SUPPLIED INFORMATION -
————
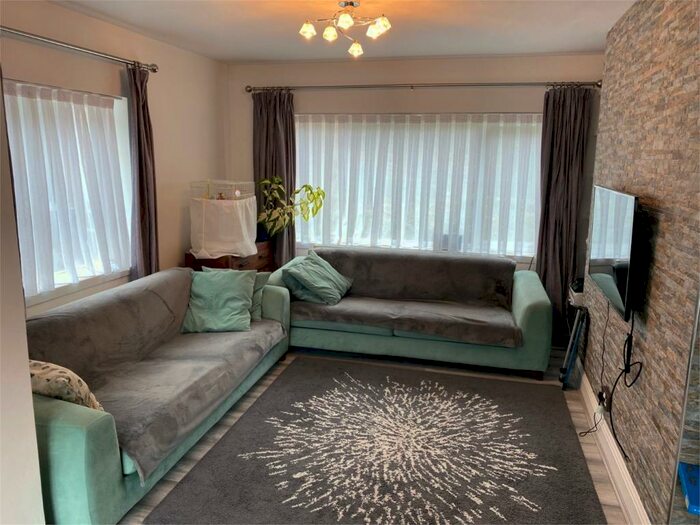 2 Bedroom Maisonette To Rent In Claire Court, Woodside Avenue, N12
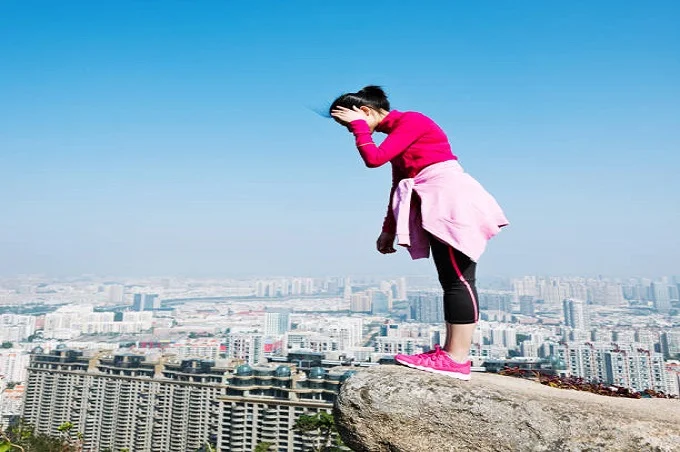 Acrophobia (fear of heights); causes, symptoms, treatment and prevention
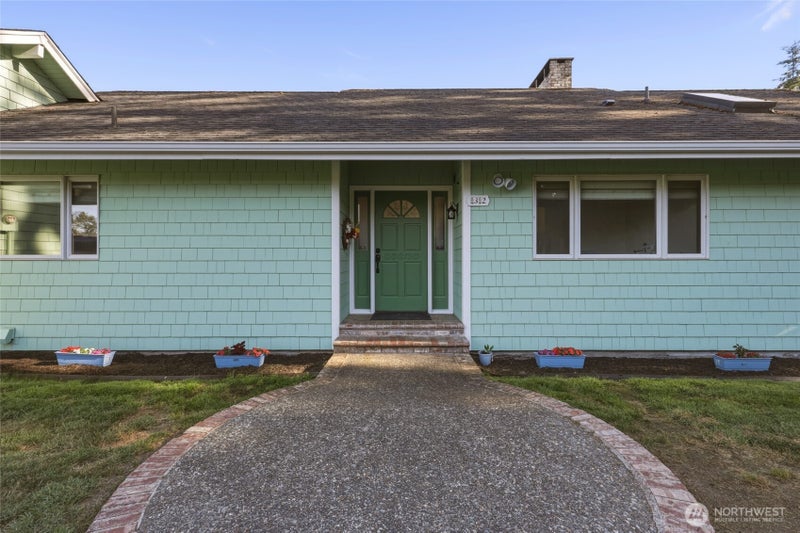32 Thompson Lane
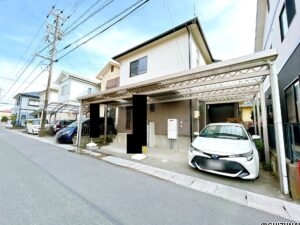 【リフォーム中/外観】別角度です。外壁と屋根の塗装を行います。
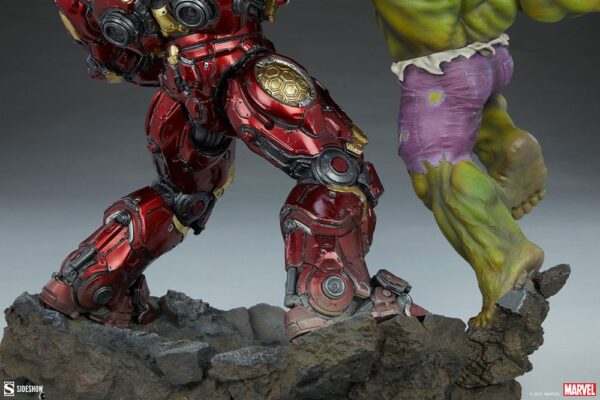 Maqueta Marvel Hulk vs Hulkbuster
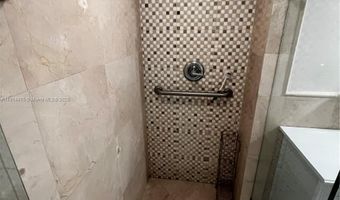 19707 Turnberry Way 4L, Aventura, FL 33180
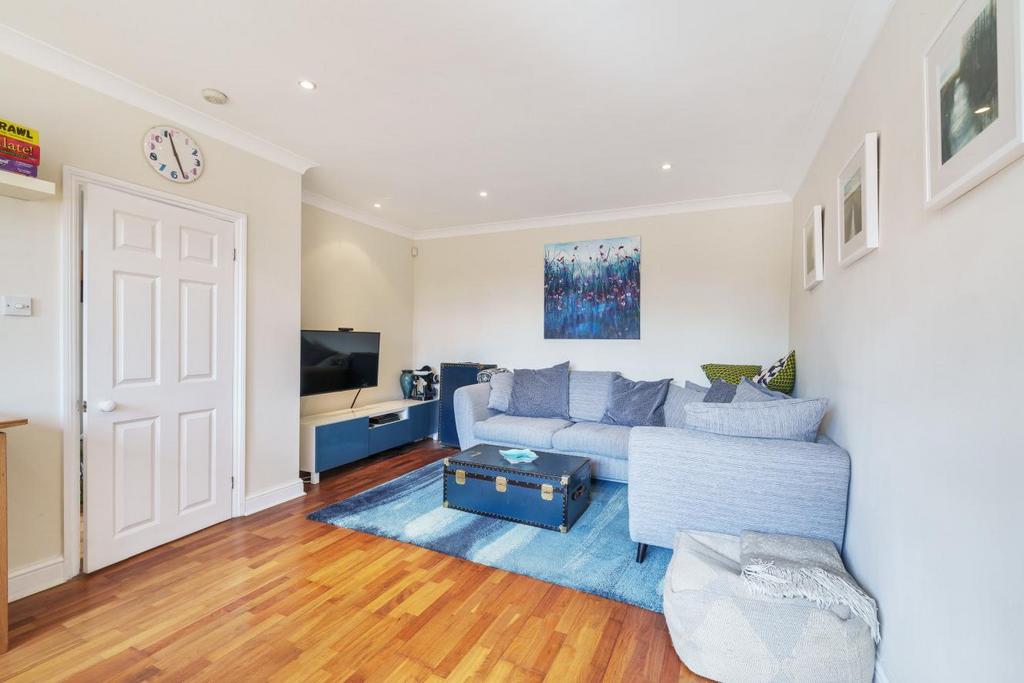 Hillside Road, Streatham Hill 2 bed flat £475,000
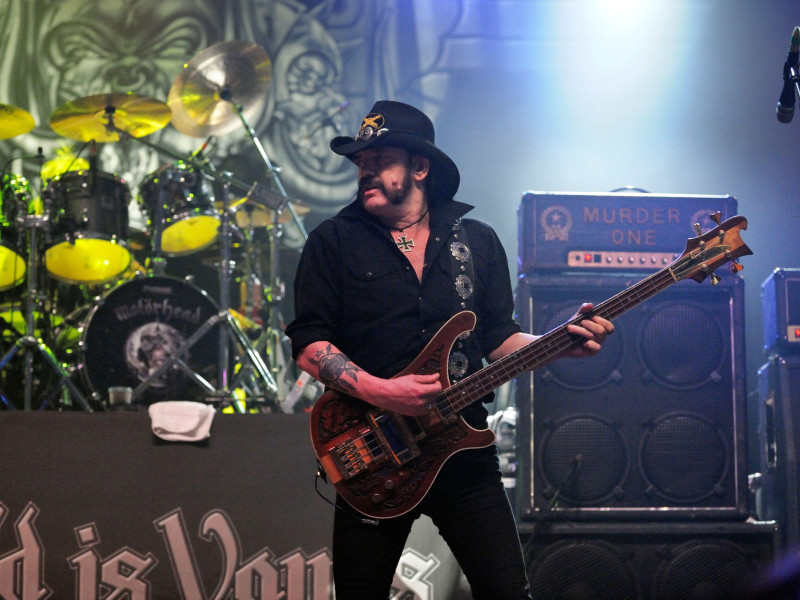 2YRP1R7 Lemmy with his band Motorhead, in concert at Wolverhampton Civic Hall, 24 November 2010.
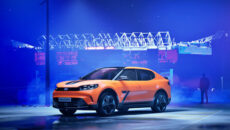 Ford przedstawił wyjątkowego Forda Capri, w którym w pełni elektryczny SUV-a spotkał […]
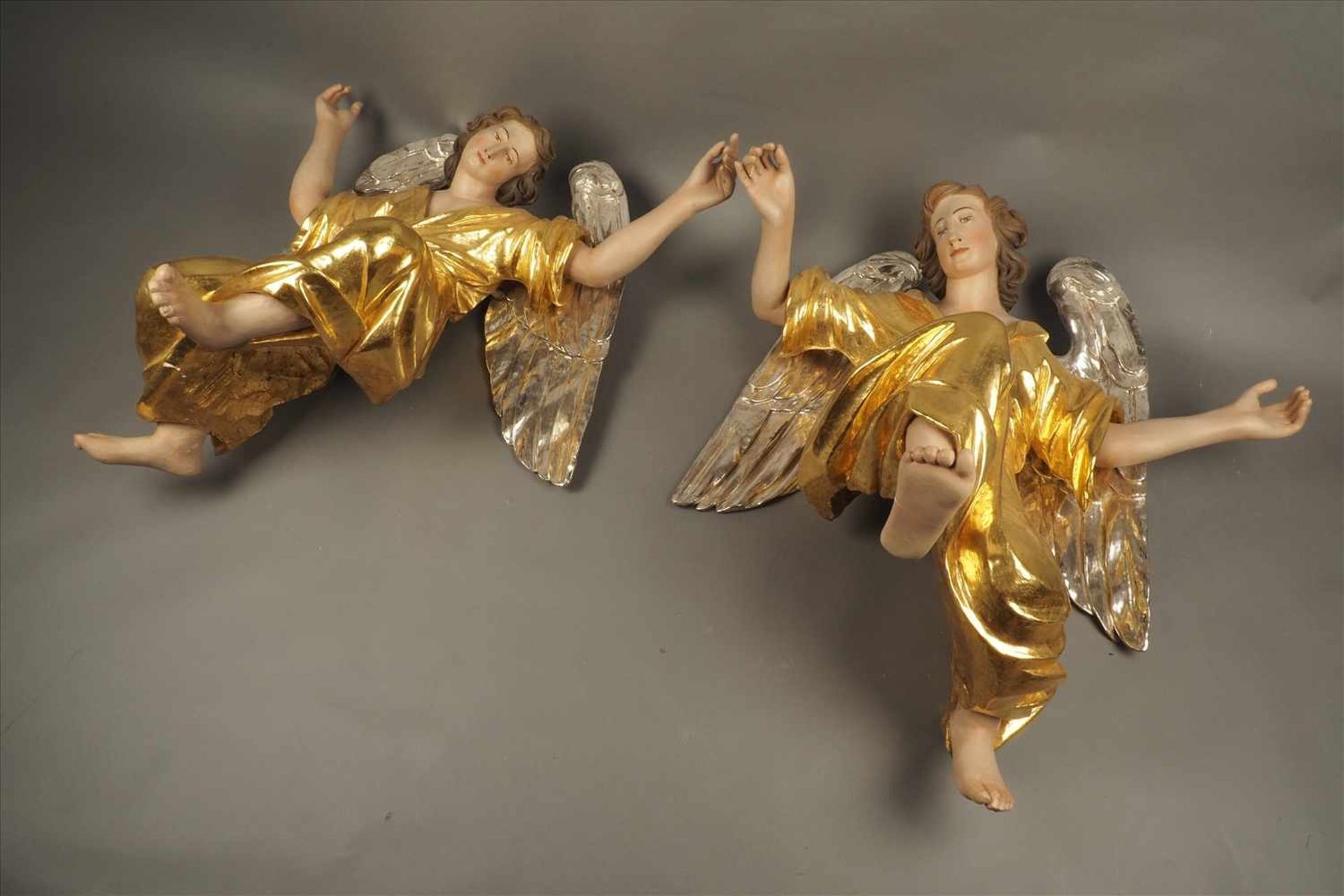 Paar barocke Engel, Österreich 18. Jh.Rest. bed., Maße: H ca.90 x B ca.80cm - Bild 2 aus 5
————
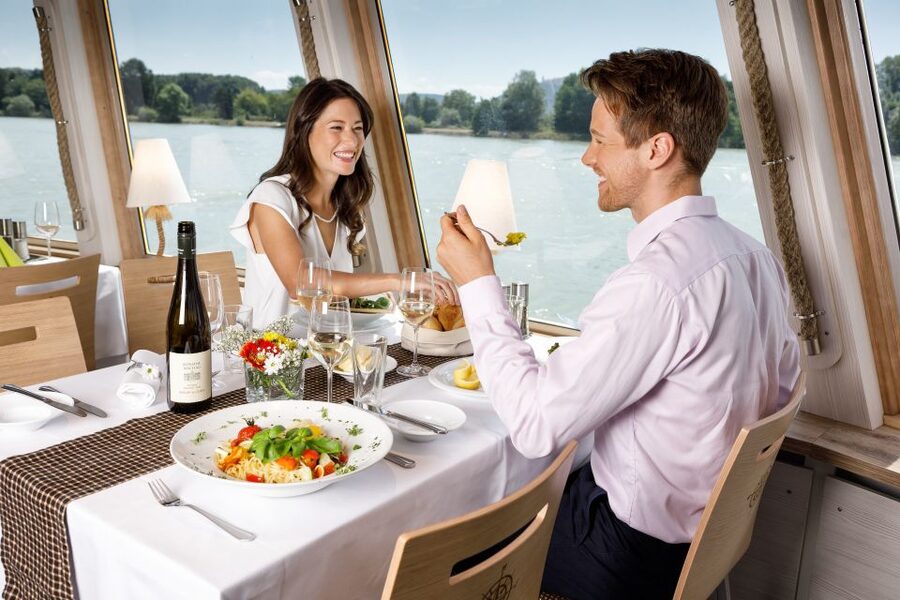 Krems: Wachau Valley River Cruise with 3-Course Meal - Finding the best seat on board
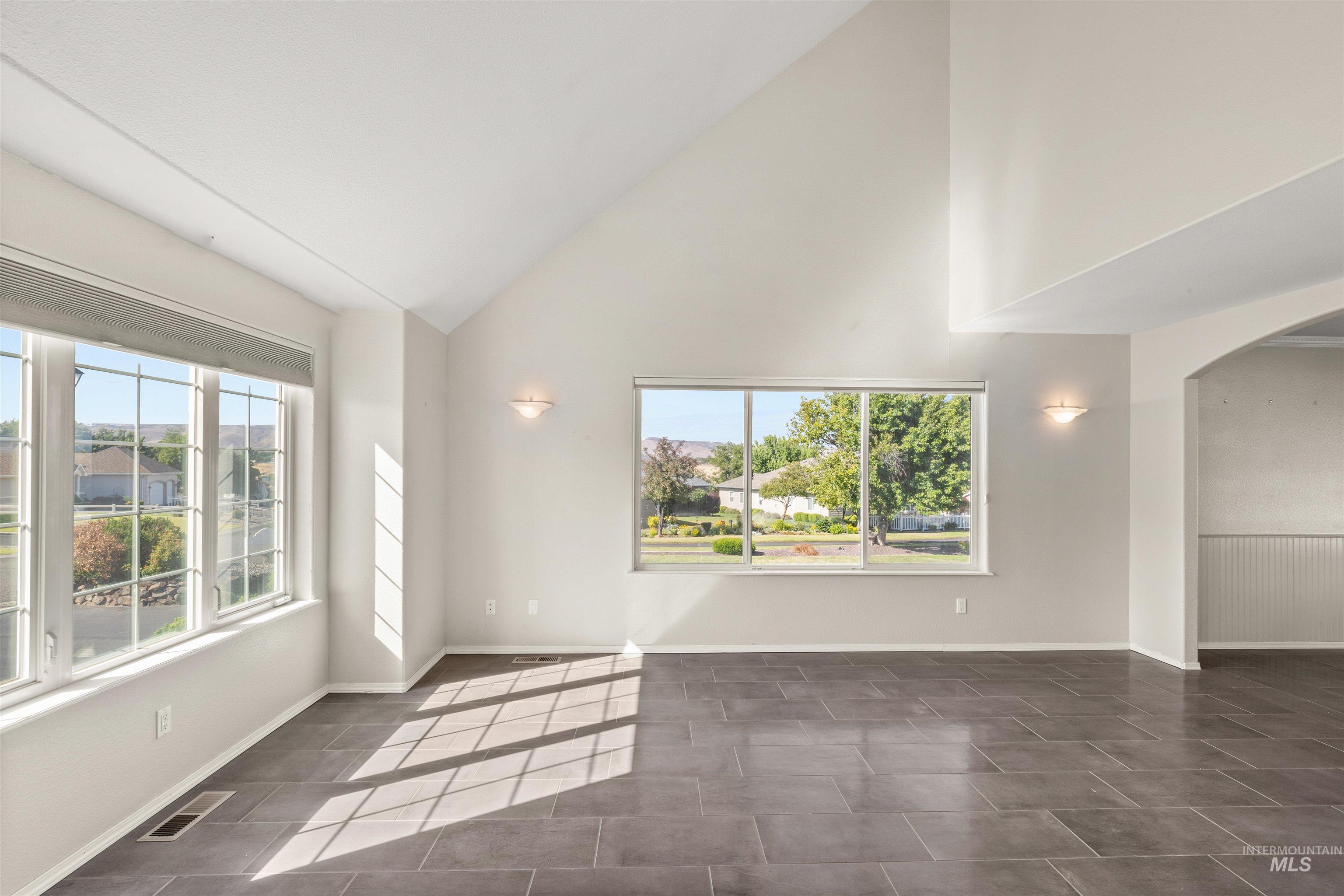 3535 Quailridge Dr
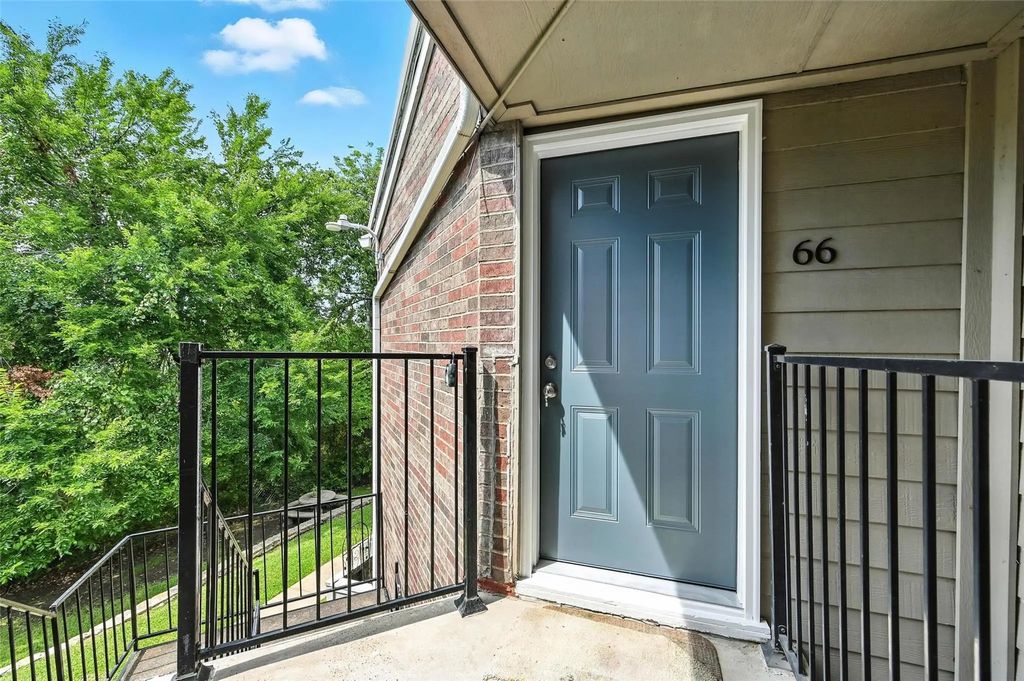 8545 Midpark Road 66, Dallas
————
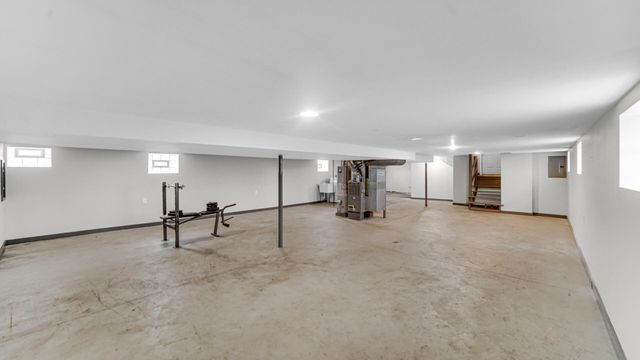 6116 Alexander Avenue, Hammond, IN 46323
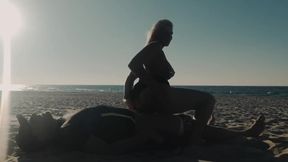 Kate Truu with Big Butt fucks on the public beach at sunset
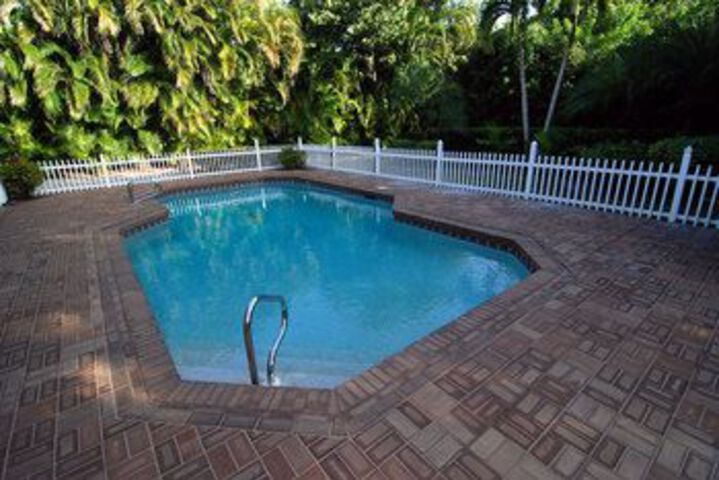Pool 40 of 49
————
TASK TO COMPLETE -
Only the lines above from the one containing "Kate Truu with" through the one containing "Pool 40 of 49" should be returned, verbatim and inclusive, with pictures excluded.

OUTPUT OF THE EXERCISE -
 Kate Truu with Big Butt fucks on the public beach at sunset
Pool 40 of 49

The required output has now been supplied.